ABOUT THIS EXERCISE: Give back the line that contains "SMALL PENIS SNIFFS SOCKS mp4" and every following line, exactly as they appear, through the end of the data.

[MATERIAL TO PROCESS — start]

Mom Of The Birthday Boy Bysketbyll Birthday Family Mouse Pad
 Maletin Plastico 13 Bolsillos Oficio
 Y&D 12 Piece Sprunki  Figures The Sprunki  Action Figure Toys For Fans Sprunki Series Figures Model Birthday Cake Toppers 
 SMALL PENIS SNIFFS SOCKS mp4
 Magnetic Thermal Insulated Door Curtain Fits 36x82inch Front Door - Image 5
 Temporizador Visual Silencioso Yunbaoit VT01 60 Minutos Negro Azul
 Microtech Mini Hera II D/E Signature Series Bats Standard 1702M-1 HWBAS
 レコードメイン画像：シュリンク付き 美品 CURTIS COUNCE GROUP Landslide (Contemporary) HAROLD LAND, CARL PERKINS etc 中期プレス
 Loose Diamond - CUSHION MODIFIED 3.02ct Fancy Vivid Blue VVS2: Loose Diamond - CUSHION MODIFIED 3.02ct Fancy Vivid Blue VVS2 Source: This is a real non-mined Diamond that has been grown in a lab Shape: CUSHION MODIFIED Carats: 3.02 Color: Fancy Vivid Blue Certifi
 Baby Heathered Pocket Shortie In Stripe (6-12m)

[MATERIAL TO PROCESS — finish]

RESPONSE TO THIS EXERCISE:
 SMALL PENIS SNIFFS SOCKS mp4
 Magnetic Thermal Insulated Door Curtain Fits 36x82inch Front Door - Image 5
 Temporizador Visual Silencioso Yunbaoit VT01 60 Minutos Negro Azul
 Microtech Mini Hera II D/E Signature Series Bats Standard 1702M-1 HWBAS
 レコードメイン画像：シュリンク付き 美品 CURTIS COUNCE GROUP Landslide (Contemporary) HAROLD LAND, CARL PERKINS etc 中期プレス
 Loose Diamond - CUSHION MODIFIED 3.02ct Fancy Vivid Blue VVS2: Loose Diamond - CUSHION MODIFIED 3.02ct Fancy Vivid Blue VVS2 Source: This is a real non-mined Diamond that has been grown in a lab Shape: CUSHION MODIFIED Carats: 3.02 Color: Fancy Vivid Blue Certifi
 Baby Heathered Pocket Shortie In Stripe (6-12m)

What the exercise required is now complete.